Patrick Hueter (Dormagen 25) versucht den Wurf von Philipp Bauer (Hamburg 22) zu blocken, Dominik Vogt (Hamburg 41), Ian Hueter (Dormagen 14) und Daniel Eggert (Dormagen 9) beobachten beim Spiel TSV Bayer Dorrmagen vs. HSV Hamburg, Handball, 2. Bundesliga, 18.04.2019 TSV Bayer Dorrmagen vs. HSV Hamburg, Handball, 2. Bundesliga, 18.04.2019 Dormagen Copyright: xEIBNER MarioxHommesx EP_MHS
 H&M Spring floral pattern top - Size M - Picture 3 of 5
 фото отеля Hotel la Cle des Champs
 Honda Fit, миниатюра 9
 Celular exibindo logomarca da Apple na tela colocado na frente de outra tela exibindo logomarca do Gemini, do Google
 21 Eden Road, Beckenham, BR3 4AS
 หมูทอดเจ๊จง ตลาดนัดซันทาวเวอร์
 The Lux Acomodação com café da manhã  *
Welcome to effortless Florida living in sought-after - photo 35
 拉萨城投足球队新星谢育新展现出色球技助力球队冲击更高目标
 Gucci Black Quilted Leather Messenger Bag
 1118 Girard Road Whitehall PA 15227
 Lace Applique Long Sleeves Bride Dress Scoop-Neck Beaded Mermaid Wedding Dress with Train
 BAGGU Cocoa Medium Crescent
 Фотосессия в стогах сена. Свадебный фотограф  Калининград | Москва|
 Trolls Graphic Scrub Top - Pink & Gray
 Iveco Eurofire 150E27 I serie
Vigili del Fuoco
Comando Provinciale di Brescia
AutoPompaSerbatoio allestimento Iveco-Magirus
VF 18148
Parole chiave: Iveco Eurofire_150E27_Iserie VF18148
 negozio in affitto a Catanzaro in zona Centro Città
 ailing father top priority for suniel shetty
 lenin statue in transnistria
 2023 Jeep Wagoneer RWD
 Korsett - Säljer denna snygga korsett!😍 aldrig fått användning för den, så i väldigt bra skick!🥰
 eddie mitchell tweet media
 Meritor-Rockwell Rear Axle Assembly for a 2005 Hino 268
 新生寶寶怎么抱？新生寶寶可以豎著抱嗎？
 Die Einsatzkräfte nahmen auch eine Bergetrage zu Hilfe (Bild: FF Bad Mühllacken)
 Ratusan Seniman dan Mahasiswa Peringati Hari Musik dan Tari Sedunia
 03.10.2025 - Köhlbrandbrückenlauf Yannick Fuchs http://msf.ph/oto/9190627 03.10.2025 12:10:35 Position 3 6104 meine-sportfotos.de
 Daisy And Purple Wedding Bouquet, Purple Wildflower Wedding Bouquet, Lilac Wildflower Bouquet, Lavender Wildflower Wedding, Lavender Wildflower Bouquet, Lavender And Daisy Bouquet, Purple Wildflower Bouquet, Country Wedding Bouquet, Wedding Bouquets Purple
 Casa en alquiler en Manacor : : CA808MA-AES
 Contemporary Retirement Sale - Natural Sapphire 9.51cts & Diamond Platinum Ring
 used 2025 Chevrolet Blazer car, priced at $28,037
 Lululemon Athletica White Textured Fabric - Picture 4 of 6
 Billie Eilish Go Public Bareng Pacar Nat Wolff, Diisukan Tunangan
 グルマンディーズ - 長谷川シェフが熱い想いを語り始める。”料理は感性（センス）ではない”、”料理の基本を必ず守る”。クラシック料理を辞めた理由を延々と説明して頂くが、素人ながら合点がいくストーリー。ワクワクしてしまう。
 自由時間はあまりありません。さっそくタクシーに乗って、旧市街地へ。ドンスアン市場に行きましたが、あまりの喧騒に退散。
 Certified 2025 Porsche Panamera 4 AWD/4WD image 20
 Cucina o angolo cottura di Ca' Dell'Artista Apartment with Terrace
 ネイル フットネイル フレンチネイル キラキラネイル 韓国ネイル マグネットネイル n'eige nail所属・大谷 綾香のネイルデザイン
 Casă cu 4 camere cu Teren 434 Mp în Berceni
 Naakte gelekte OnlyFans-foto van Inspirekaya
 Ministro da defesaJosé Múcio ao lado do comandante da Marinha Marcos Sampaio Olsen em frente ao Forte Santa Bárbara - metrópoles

* * *

- **Your objective**
Beginning at the line above with "ailing father top priority for suniel shetty" and finishing at the line with "Die Einsatzkräfte nahmen", return each line exactly and return nothing else.

- **Task output**
 ailing father top priority for suniel shetty
 lenin statue in transnistria
 2023 Jeep Wagoneer RWD
 Korsett - Säljer denna snygga korsett!😍 aldrig fått användning för den, så i väldigt bra skick!🥰
 eddie mitchell tweet media
 Meritor-Rockwell Rear Axle Assembly for a 2005 Hino 268
 新生寶寶怎么抱？新生寶寶可以豎著抱嗎？
 Die Einsatzkräfte nahmen auch eine Bergetrage zu Hilfe (Bild: FF Bad Mühllacken)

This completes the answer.